For $K_{l3}$ decays, the three form factor parameters,
$i.e.$, $\lambda_{+}, \lambda_{0}$ and $\xi_{A}$,
have been measured using the following linear parametrization\cite{data}:
\begin{eqnarray}
f_{\pm}(q^{2})&=& f_{\pm}(q^{2}=m^{2}_{l})\biggl(
1 + \lambda_{\pm}\frac{q^{2}}{M^{2}_{\pi^{+}}}\biggr),
\end{eqnarray}
where $\lambda_{\pm,0}$ is the slope of $f_{\pm,0}$ evaluated at
$q^{2}=m^{2}_{l}$ and $\xi_{A}=f_{-}/f_{+}|_{q^{2}=m^{2}_{l}}$. 
\begin{figure}
\psfig{figure=kw1.ps,width=6in,height=2.2in}
\caption{The form factor calculation in $q^{+}\neq0$ frame requires both
the usual light-front triangle diagram(a) and the
non-valence(pair-creation) diagram(b). The vertical dashed line in (b) 

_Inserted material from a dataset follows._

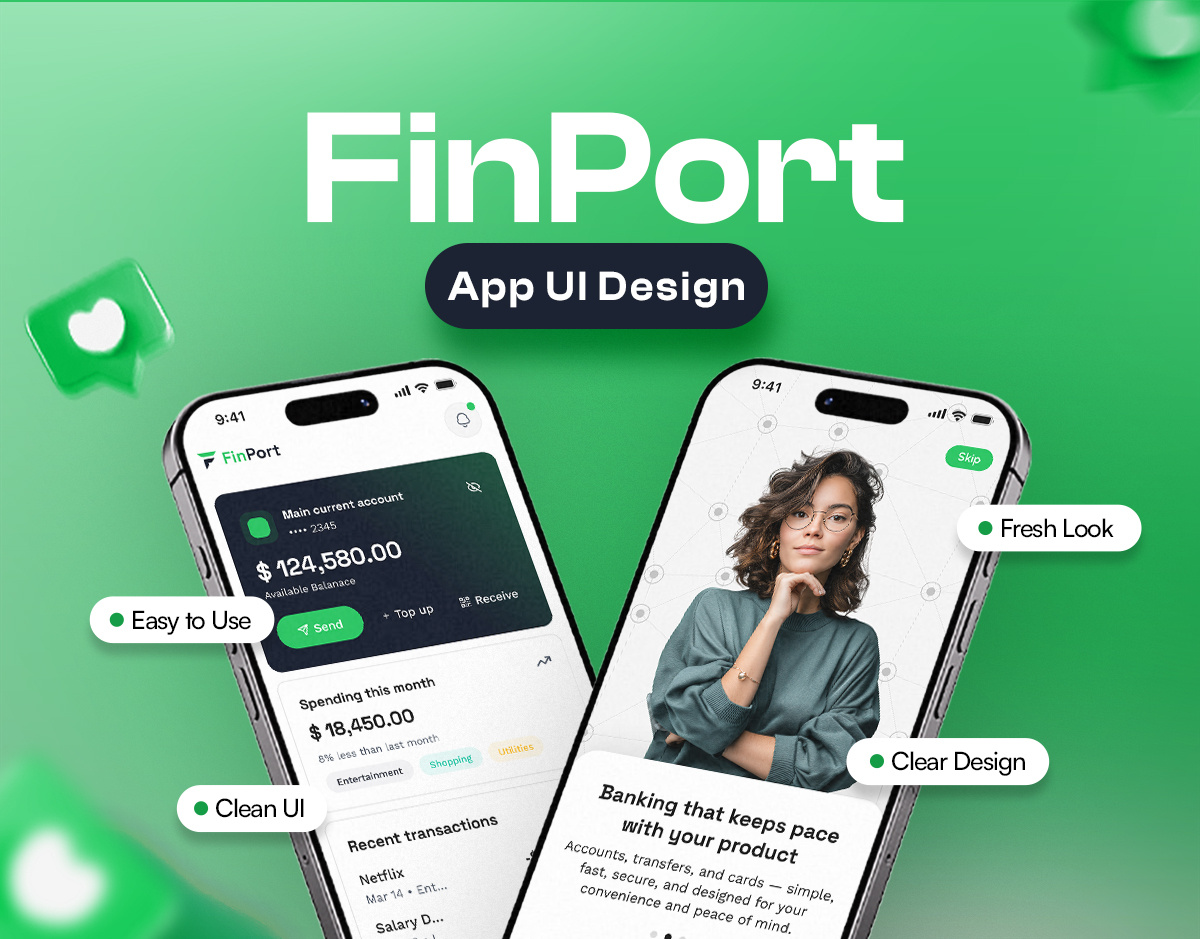 FinTech & Banking App UI/UX Design app design app ui app ui design bank app bank app ui bank application banking app finance app fintech fintech app fintech app dashboard fintech app design fintech app ui fintech application fintech landing page mobile app design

indicates the energy-denominator for the non-valence contribution.
While the white blob represents our LF wavefunction
$\Psi^{JJ_{z}}_{\lambda_{q},\lambda_{\bar{q}}}(x,{\bf k}_{\perp})$,
the modeling of black blob has not yet been made.}
\end{figure}
As shown in Fig.1, the quark momentum variables for $q_{1}\bar{q}\to 
q_{2}\bar{q}$ transitions in the standard $q^{+}=0$ frame are given by 
\begin{eqnarray}
p^{+}_{1}&=&(1-x)P^{+}_{1},\hspace{.5cm}
p^{+}_{\bar{q}}=xP^{+}_{1},\nonumber\\
{\bf p}_{1\perp}&=&(1-x){\bf P}_{1\perp} + {\bf k}_{\perp},\hspace{.5cm}
{\bf p}_{\bar{q}\perp}= x{\bf P}_{1\perp} - {\bf k}_{\perp},
\nonumber\\
p^{+}_{2}&=&(1-x)P^{+}_{2},\hspace{.5cm}
p'^{+}_{\bar{q}}=xP^{+}_{2},\nonumber\\
{\bf p}_{2\perp}&=&(1-x){\bf P}_{2\perp} +
{\bf k'}_{\perp},\hspace{.5cm}
{\bf p'}_{\bar{q}\perp}= x{\bf P}_{2\perp} - {\bf k'}_{\perp},
\end{eqnarray}
which requires that $p^{+}_{\bar{q}}=p'^{+}_{\bar{q}}$
and ${\bf p}_{\bar{q}\perp}={\bf p'}_{\bar{q}\perp}$. 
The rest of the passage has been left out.